Great job John! I still have  a piece in the freezer from my first go round!


----------



## john a (Mar 12, 2008)

Nice job John, that's good stuff. About time for me to do it again.


----------



## wittdog (Mar 12, 2008)

Looks great Nice job.


----------



## Griff (Mar 13, 2008)

Looks like Uncle Jimmy left you a cool knife. Your uncle or Jody's?

The bacon is a real treat. I like it diced in spaghetti carbonara, chowder and the like. Well, sandwiches are good too.


----------



## Unity (Mar 13, 2008)

Griff said:
			
		

> Looks like Uncle Jimmy left you a cool knife. Your uncle or Jody's?
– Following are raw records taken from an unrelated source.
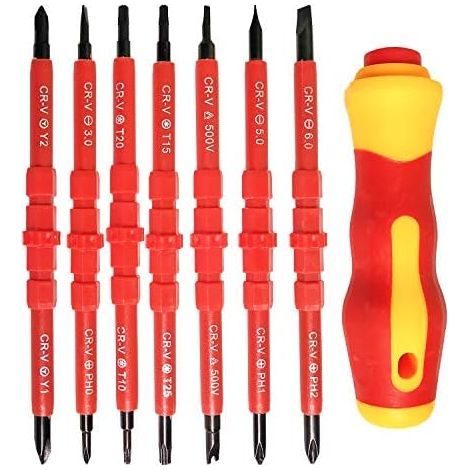 7-teiliges Set isolierter Elektroschraubendreher, multifunktionales 14-in-1 Elektriker-Reparaturwerkzeugset, austauschbare Legierung - (1/5)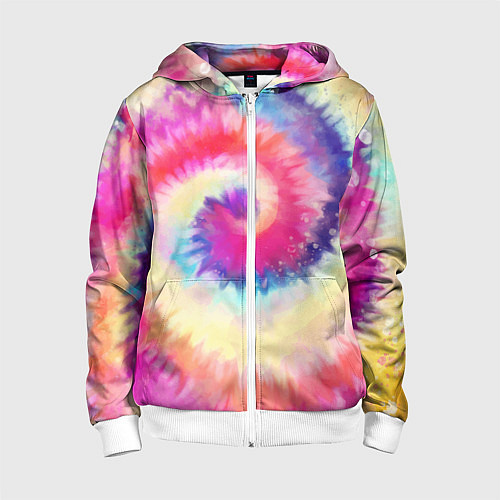 Детская толстовка на молнии Tie Dye vortex / 3D-Белый – фото 1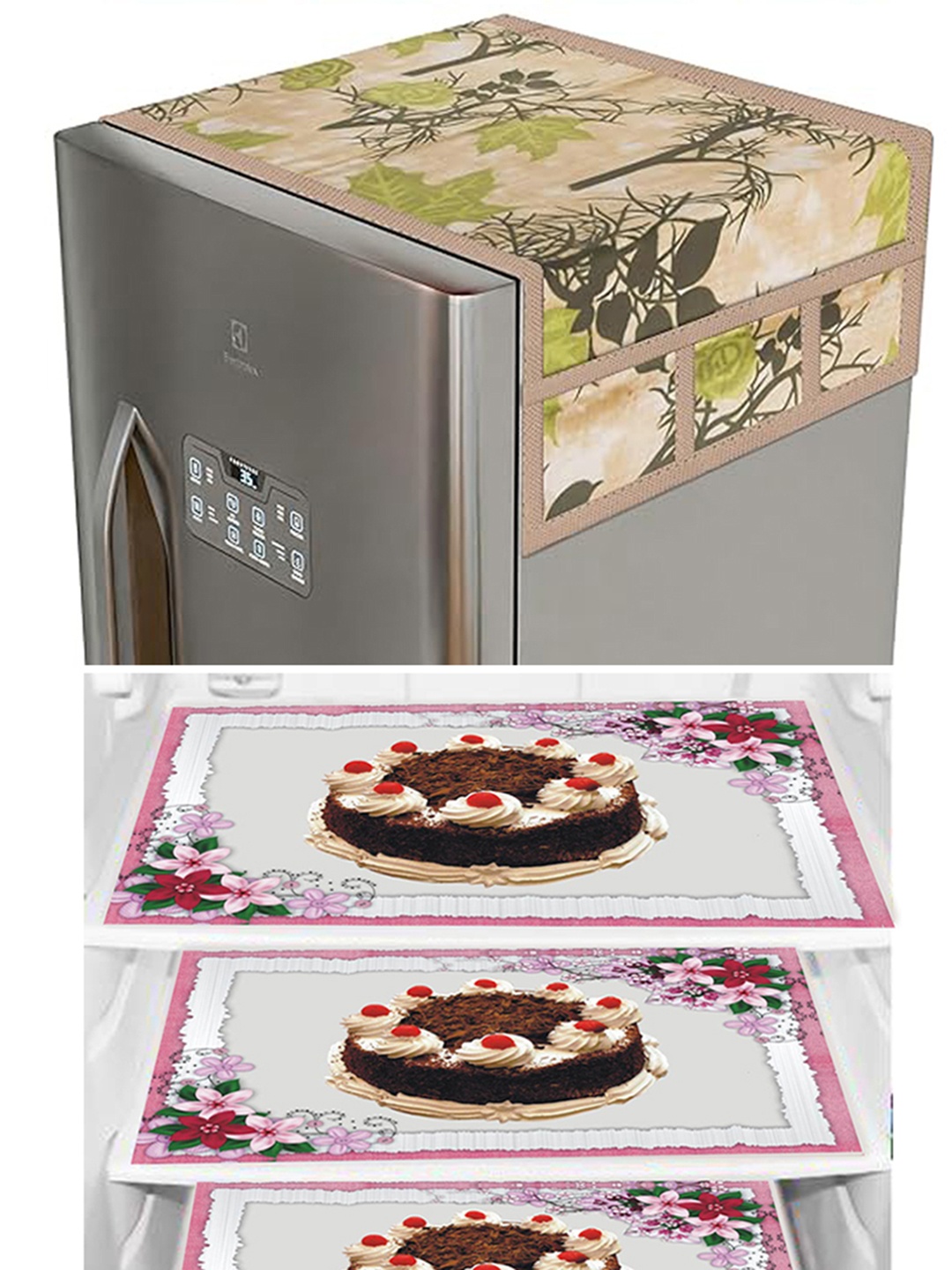 

Dakshya Industries 4 Pieces Brown & Pink Printed Refrigerator Covers With Fridge Mats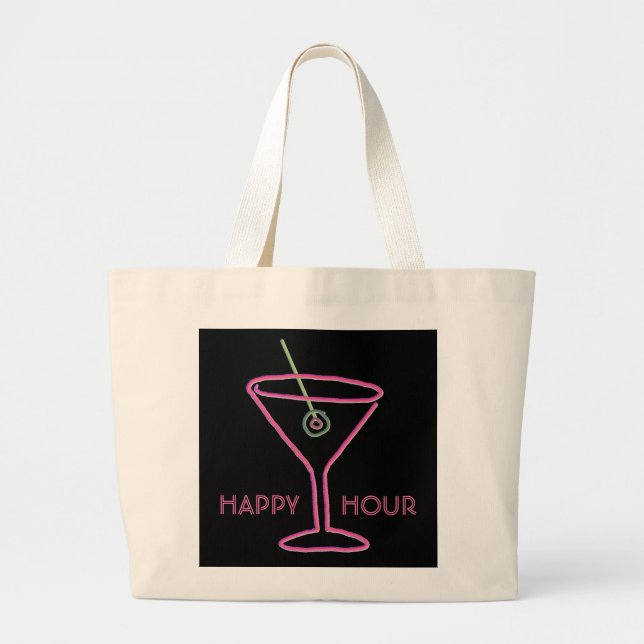 Retro Neon Martini Happy Hour Tote Bag (Front)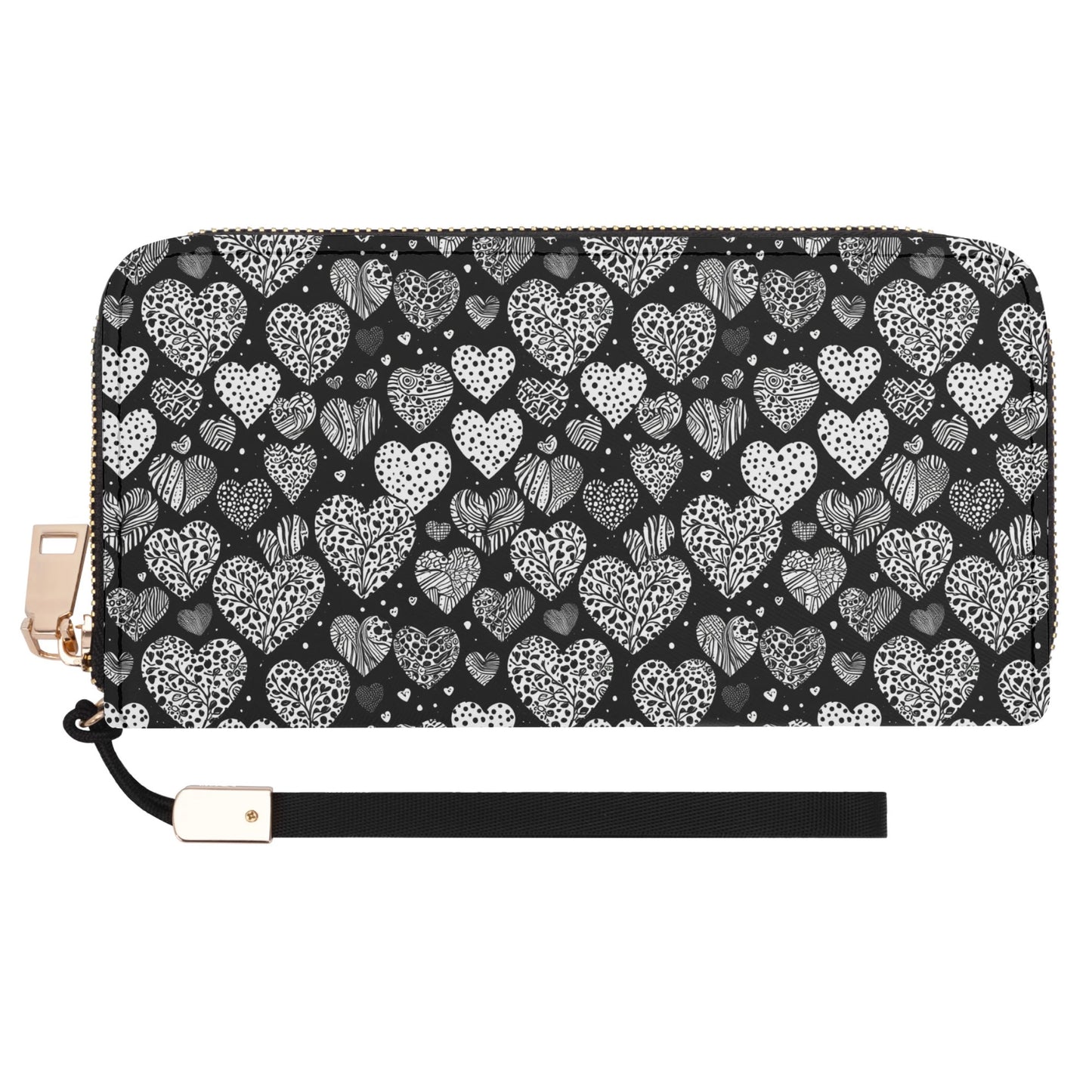 Black and White Hearts Leather Zipper Wristlet Wallet DeRose Seasonal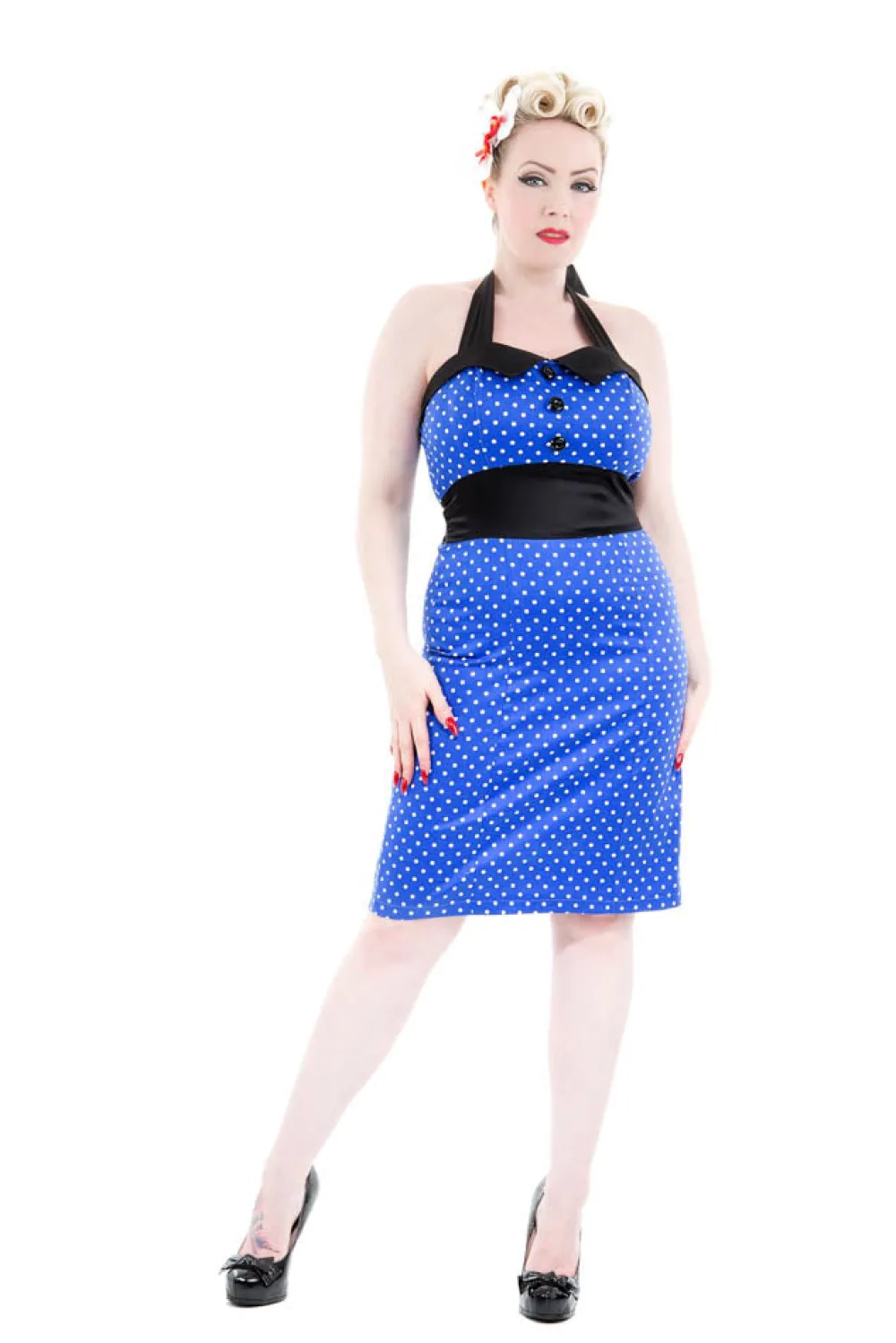 Blue & White Polka Dot Halter Wiggle Dress Sale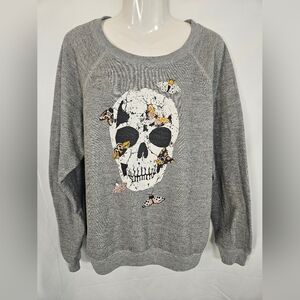 Wildfox Gray Skull Butterfly Sweatshirt | Made in USA Medium Raglan Pullover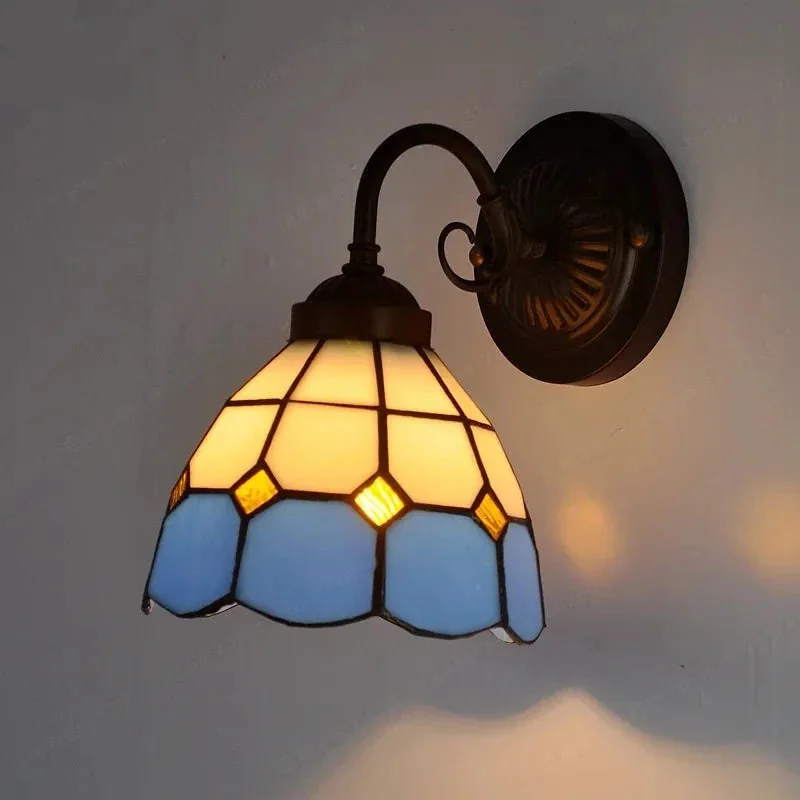 Arandela de Parede Tiffany Vintage com Vidro Vitral Artesanal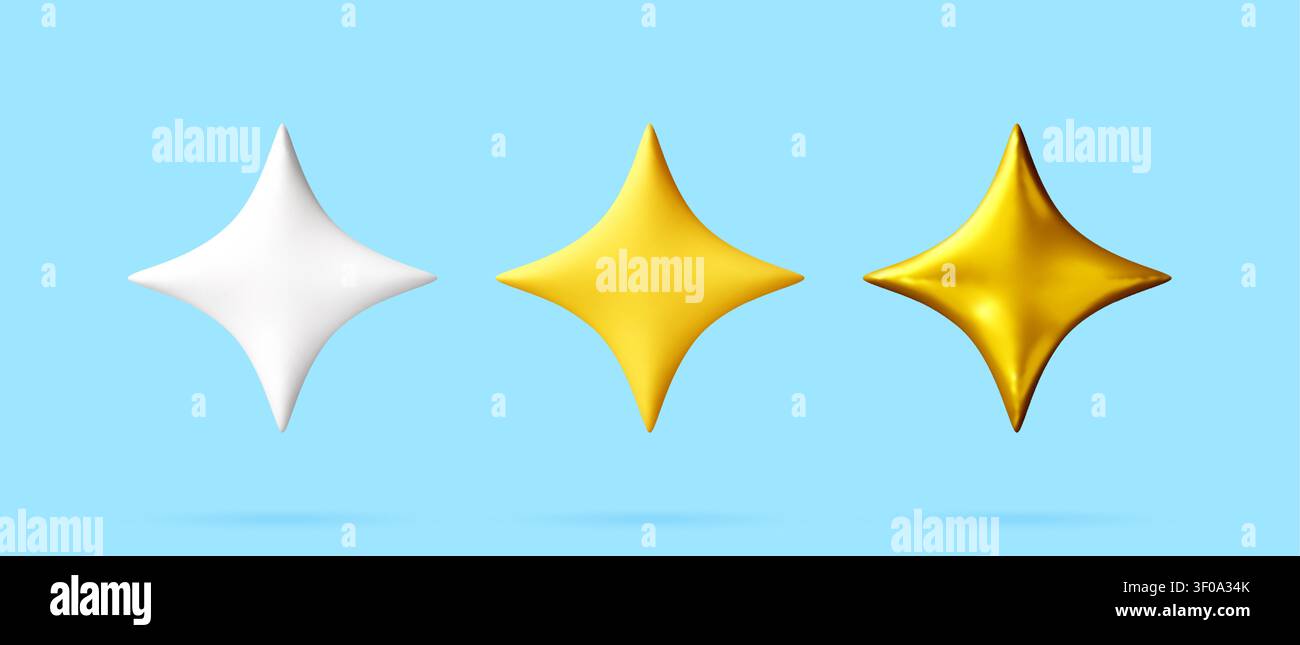 Three 3D star icons in white, yellow and gold colors Stock Vector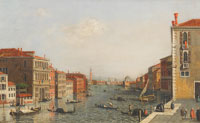 English Follower of Antonio Canal, called il Canaletto The Grand Canal, Venice, from Campo San Vio looking towards the Bacino di San Marco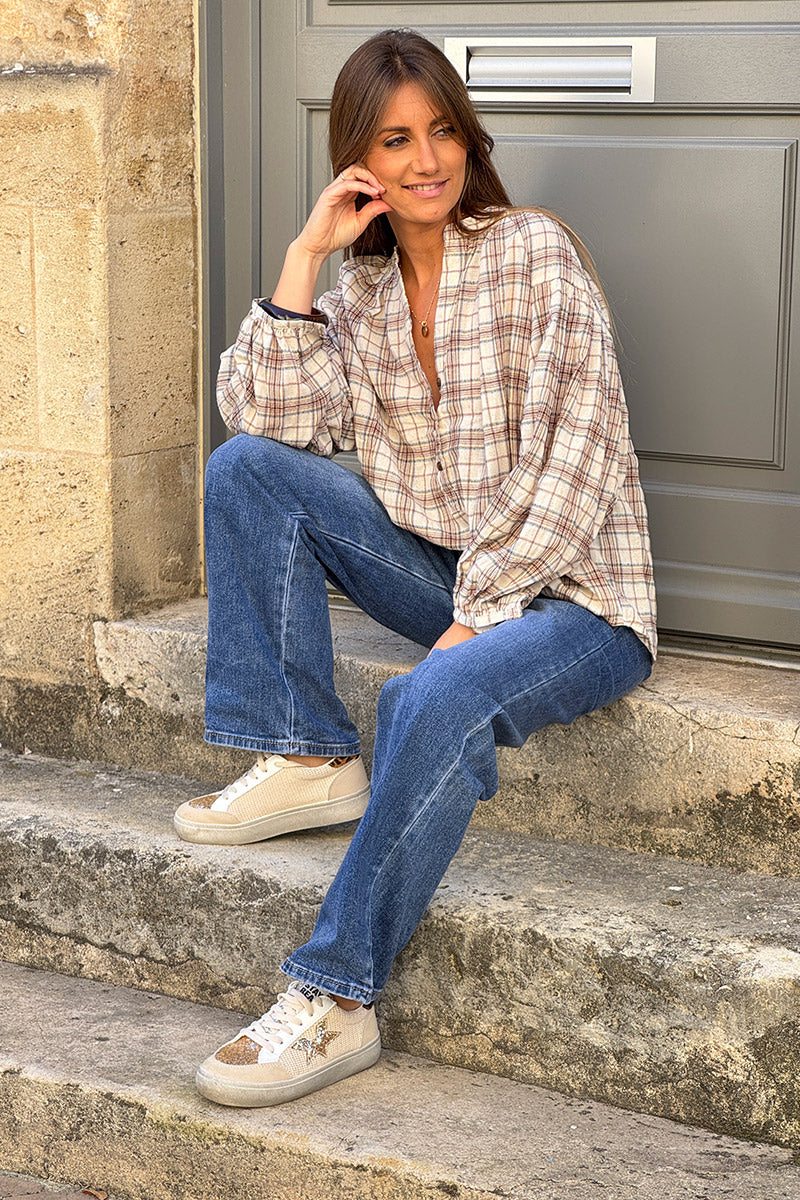 Cream Plaid Cotton Split Neck Blouse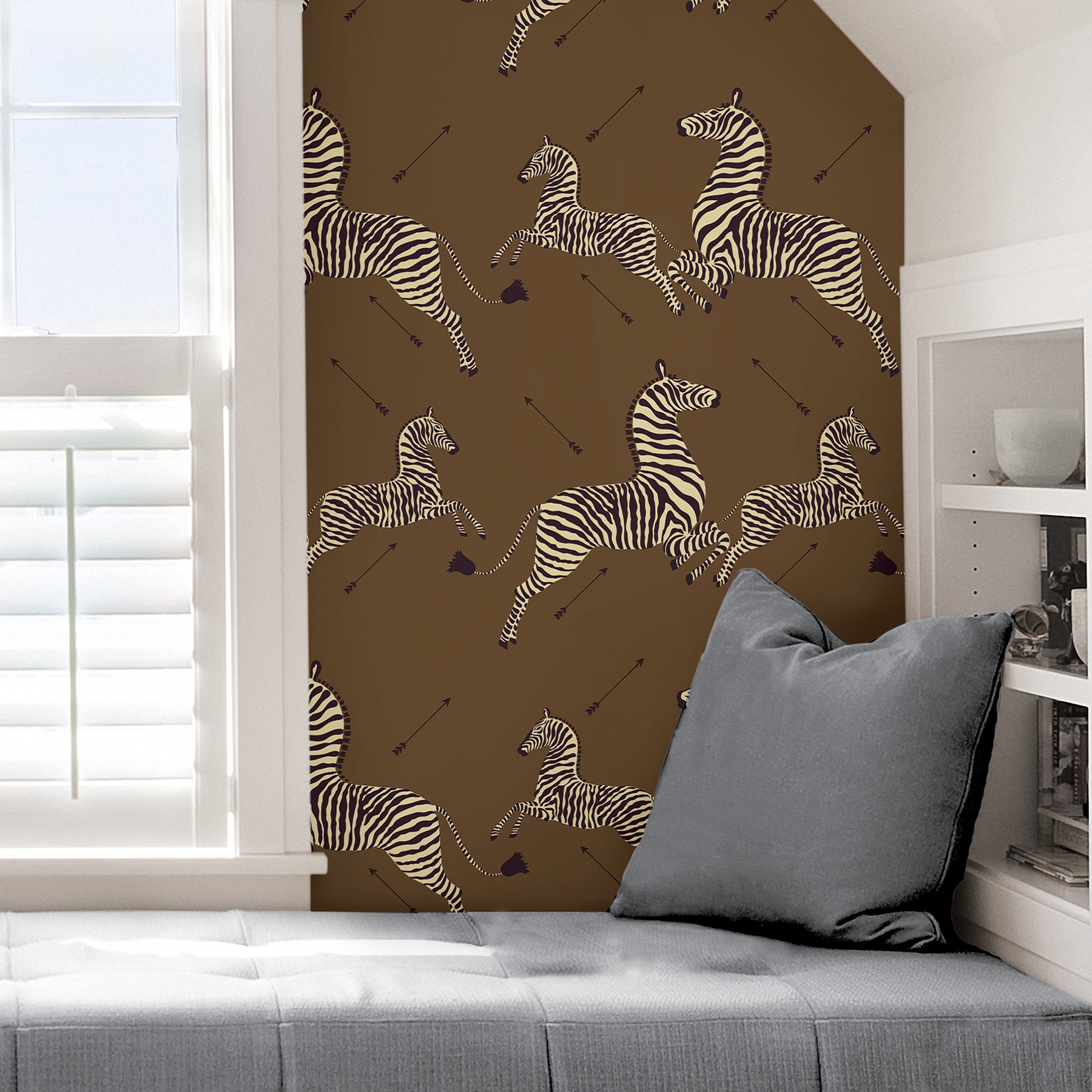 Zebra Safari P&S Wallpaper in a room setting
My mother's sister's 5th or 6th husband.   I never met him. 

--John
(When we cleaned out her safe deposit box we found divorce papers concerning a husband we didn't even know about.   )


----------



## Pigs On The Wing BBQ (Mar 13, 2008)

BchrisL said:
			
		

> John,
> You might get a _Calrod unit _and rig it up inside the smoker and run it with a thermostat. A tin of wood chips placed on top of it at the proper time would provide the smoke.
> 
> Chris


Cool dual. Got a part number Chris? Is it a 6" or 8" ?


----------



## wittdog (Mar 13, 2008)

Did I miss the Breakfast pics?


----------



## BchrisL (Mar 13, 2008)

Pigs On The Wing BBQ said:
			
		

> Cool dual. Got a part number Chris? Is it a 6" or 8" ?








8" Surface Element
P/N: WB30X354
8" Tilt Lock Hinge Mounted Surface Unit used on many GE brand ranges. 3 Wire 2450 watts. Standard (low rise) with attached trim ring No. WB2X1351. Center medallion and Terminal Block included with all 3-wire units.
Appliance Repair.com
$ 39.95

Wire it the way you want it. It is a resistave load so you could run it with a dimmer if the dimmer had the wattage capacity, or you can use an on/off type thermostat


----------



## Pigs On The Wing BBQ (Mar 13, 2008)

Cool! Thanks for the info. I'll probably just put it on a infant switch. GE makes cool stuff indeed. Got a old induction cook top I'm restoring now.


----------



## Unity (Mar 13, 2008)

wittdog said:
			
		

> Did I miss the Breakfast pics?


No, breakfast today was the tail-end of a loaf of apple "bread" (more like cake -- made from an "Amish Friendship Bread" starter), then we did some last-minute errands, and then we started for Florida on the bikes. Because of our late start, we only made it as far as Danville VA.  

Across the road from our motel parking lot, I saw a little white and red sign ...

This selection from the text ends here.